@Dimitri Thanks for your comments. I understand where you are coming
from.

I do think, however, that as Ubuntu is intended (and was intended right
from day 1) to be "for human beings", it would make hugely more sense to
support full-system encryption from the installer. People don't want to
be messing around with "install this, then install that, then fix this
other thing" especially as it's neither documented nor supported by
Canonical.

That's just life.

While technical people love messing around — it's their job, after all!
— your average "human being" hates it. (I also dislike it; I put
together the method simply because I needed it.

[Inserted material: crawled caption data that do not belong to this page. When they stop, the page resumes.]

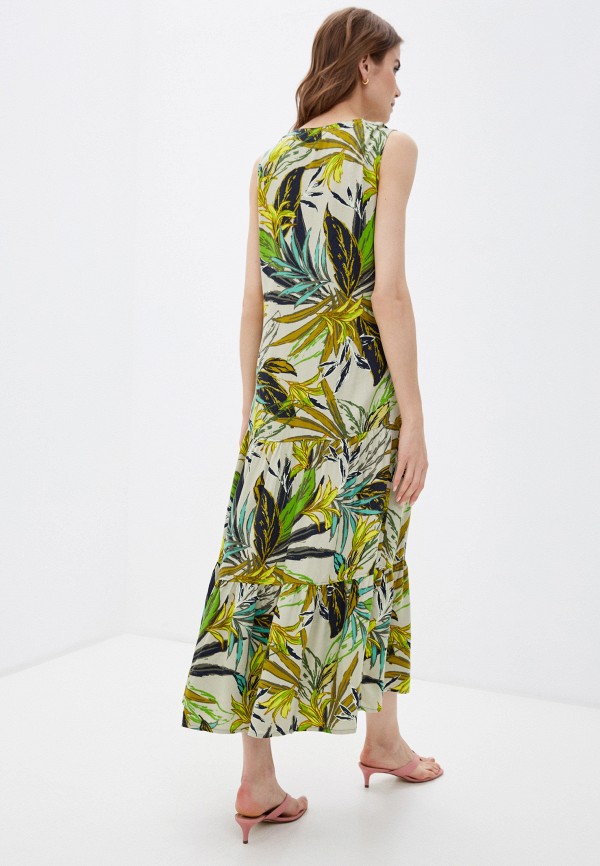 фото Платье betty barclay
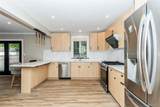 7 Bayview Terrace - Photo 8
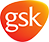 GSK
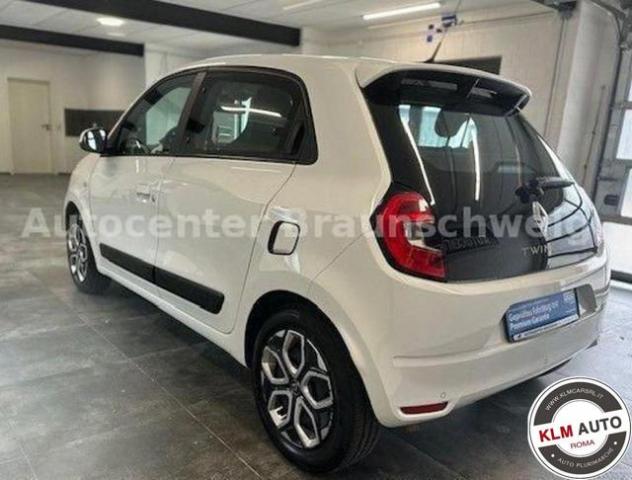 RENAULT Twingo SCe 65 CV Limited + garanzia rif. 24074433 - Foto 5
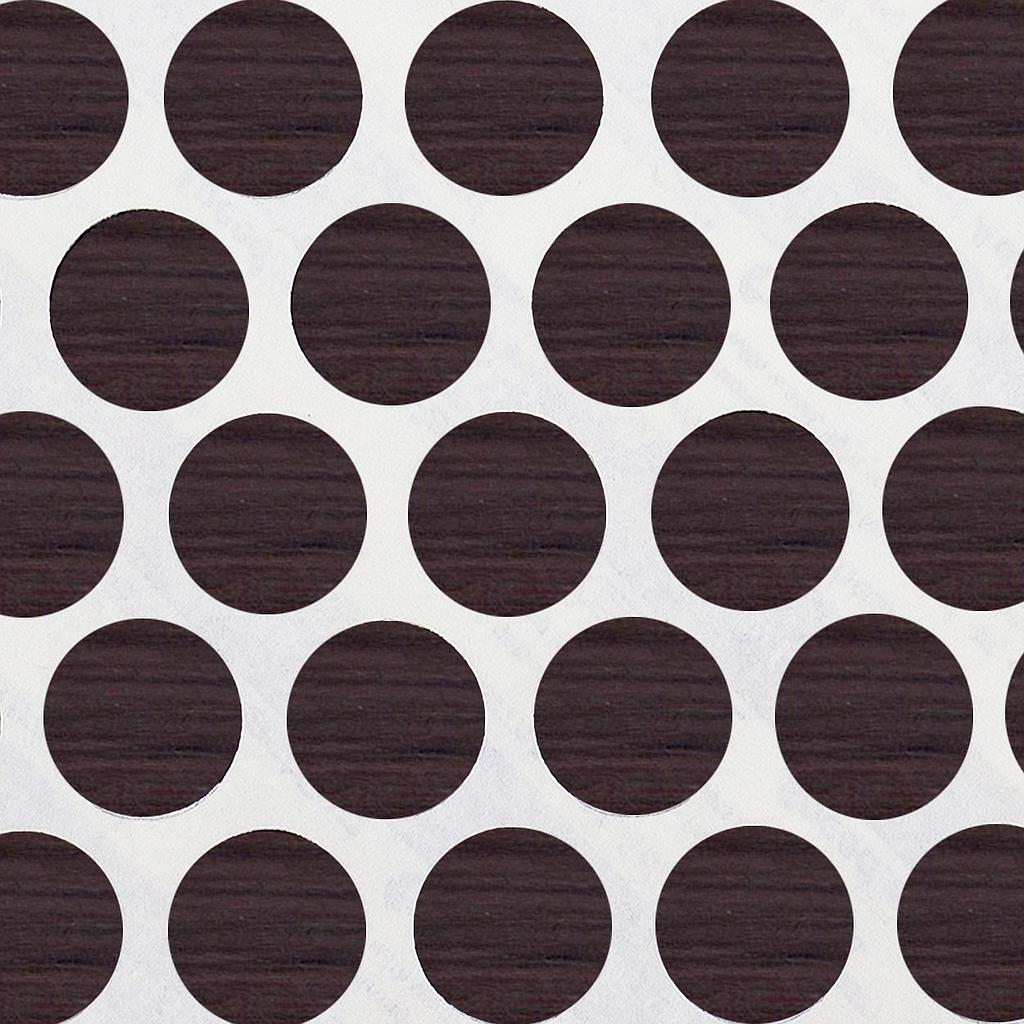 PLANTILLA DAKAR ROBLE DAKAR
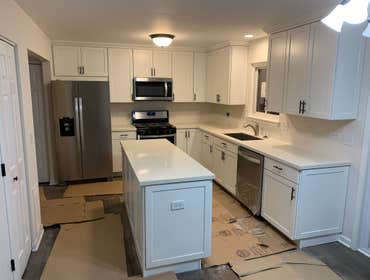 Photos by DPR Development Inc #2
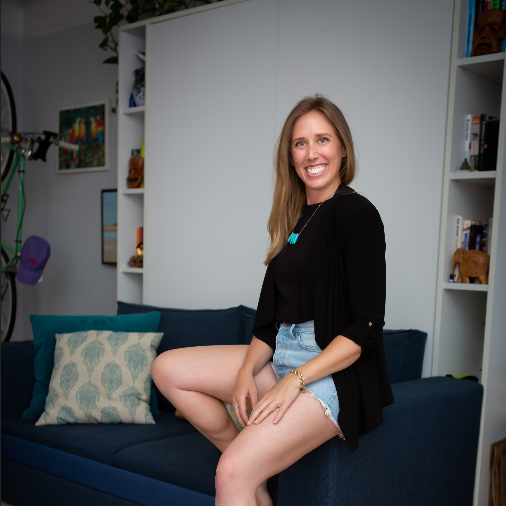 Exploring your Full Potential - Energize Your Voice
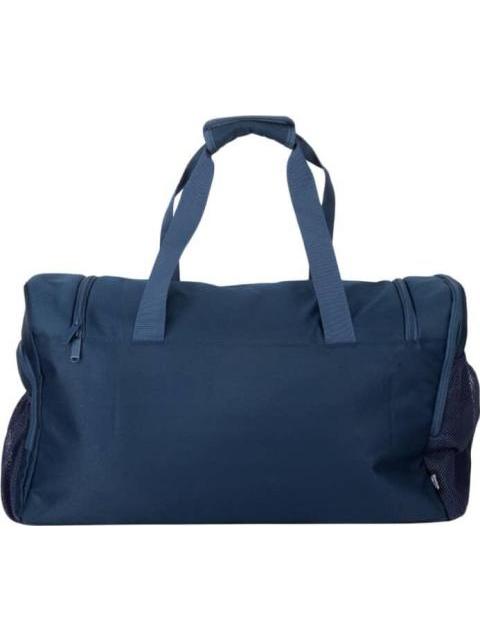 MALETA ENTRENAMIENTO DUFFLE AZUL MARINO REEBOK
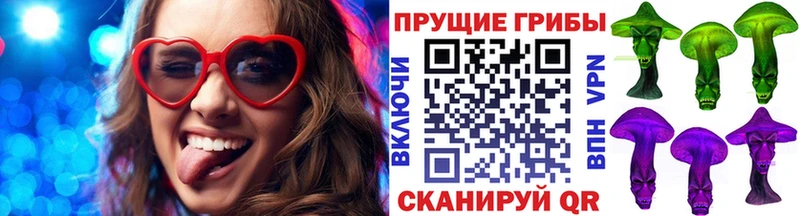 маркетплейс клад  Нязепетровск  Галлюциногенные грибы GOLDEN TEACHER 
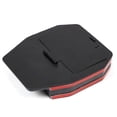 thumbnail image 1 of Boîte de Rangement Cachée pour Console Centrale 90 20-22, 1 of 5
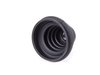 ES#2090769 - 1K0498099 - CV Joint Repair Kit - Outer - Repair your damaged or worn outer C/V joint - Meyle - Volkswagen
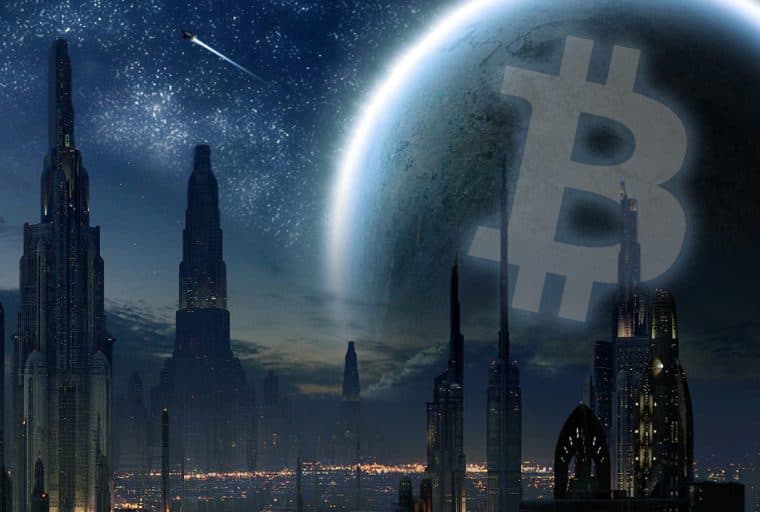 Hash Wars: A Successful BCH Upgrade and a 'High Risk' Exchange Listing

I documented the process
publicly because I know that there are many, many people like me who
need it.)

Also, I have never had good results from installing a desktop
environment over an existing system, even something as simple as Lubuntu
desktop over an Ubuntu installation.

That, too, is just life.

This request is something that Ubuntu should support. It's not a "nice
to have" feature. In today's world, it's a a "got to have" feature,
whether for business, government, professionals, salespeople, scientific
research, and even personal use. (If I could program, I'd amend the
installer myself to implement this — it is open source, after all).

This is made even more urgent by the fact that Ubuntu 18.04 no longer
supports encryption at all. Even the recommended workaround, fscrypt, is
broken.

I cannot understand the antagonism to this request — it's a proven
method; it's not particularly difficult; it's easy enough to modify the
existing installer to do this; it's significantly better than the
existing options; it uses only proven technology; and it would prove
hugely popular, helping to tip the balance to switch to Ubuntu in
organisations that are currently uncertain.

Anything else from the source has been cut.